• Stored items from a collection
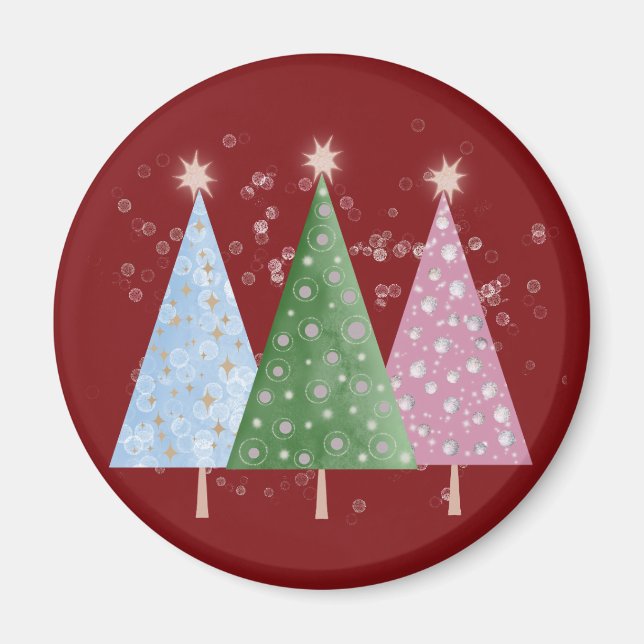 Weihnachtsglanz Magnet (Vorne)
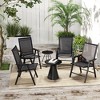 PAGED Set of 2 Patio Dining Chairs,Modern Rattan Outdoor Dining Chairs with Cushion and Backrest,Chairs Suitable for Patio,Garden - 2 of 4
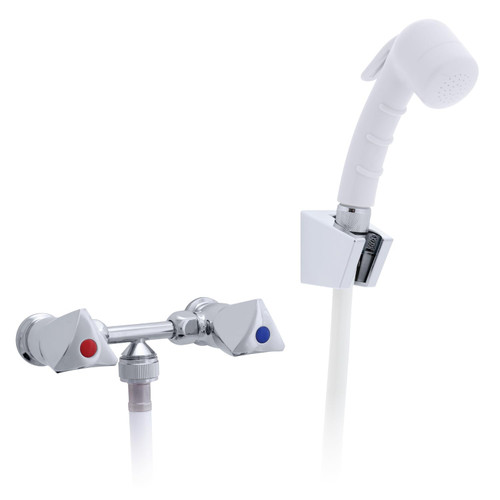Ambassador Marine Trinidad External Shower Mixer, Arctic White
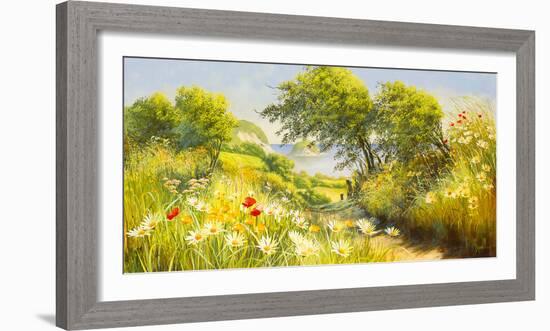 Coastal Pathway-Mary Dipnall-Framed Giclee Print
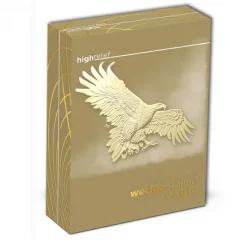 Wedge Tailed Eagle 2 Oz Gold High Relief 2019 + Box + COA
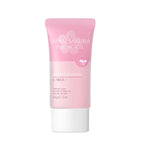 Pink tube of Japan Sakura Peeling Gel with dimensions and weight information on a white background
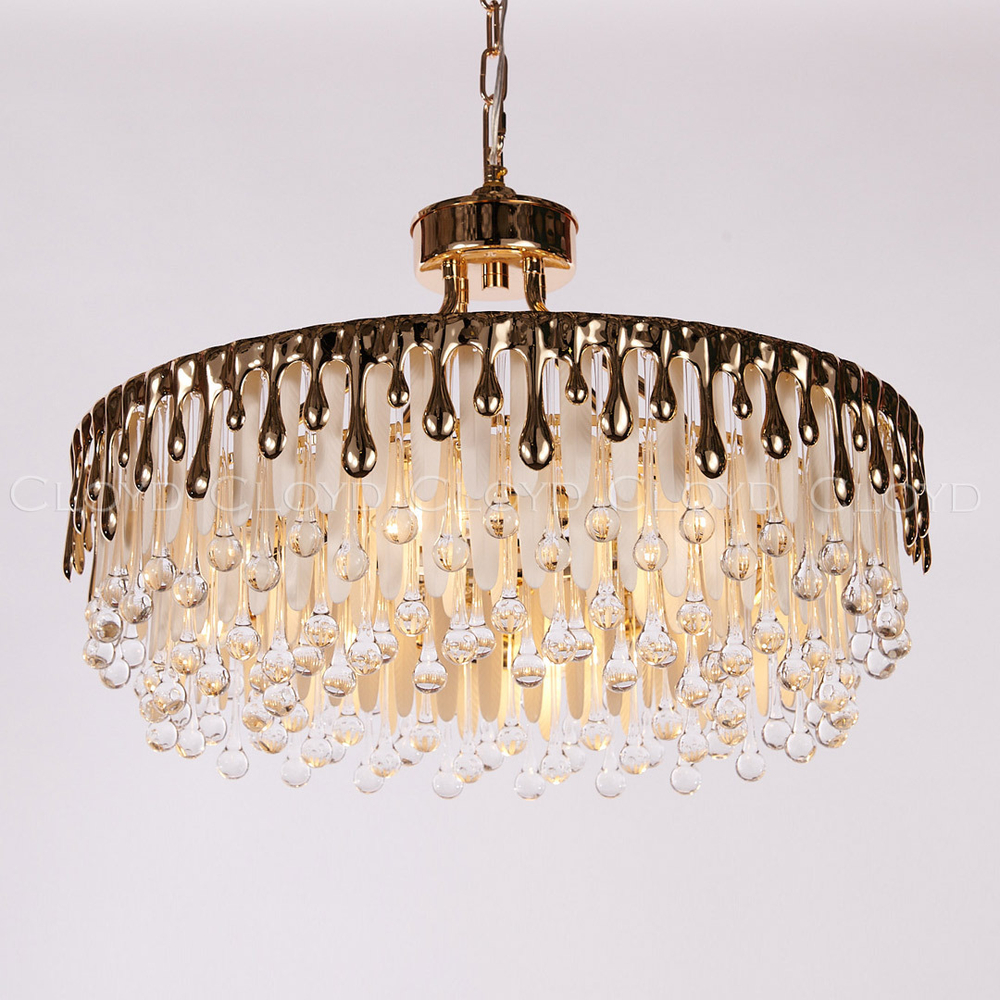 Люстра Cloyd CAPULETTI C8 / Ø60 см - золото (арт.11207)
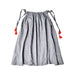 A Grey Sleeveless Dresses from Le Petit Society in size 2T for girl. (Back View)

• WORK TO COMPLETE
Excluding the pictures, reproduce every entry exactly as given.

• OUTPUT FOR THIS EXERCISE
 Weihnachtsglanz Magnet (Vorne)
 PAGED Set of 2 Patio Dining Chairs,Modern Rattan Outdoor Dining Chairs with Cushion and Backrest,Chairs Suitable for Patio,Garden - 2 of 4
Ambassador Marine Trinidad External Shower Mixer, Arctic White
 Coastal Pathway-Mary Dipnall-Framed Giclee Print
 Wedge Tailed Eagle 2 Oz Gold High Relief 2019 + Box + COA
 Pink tube of Japan Sakura Peeling Gel with dimensions and weight information on a white background
 Люстра Cloyd CAPULETTI C8 / Ø60 см - золото (арт.11207)
 A Grey Sleeveless Dresses from Le Petit Society in size 2T for girl. (Back View)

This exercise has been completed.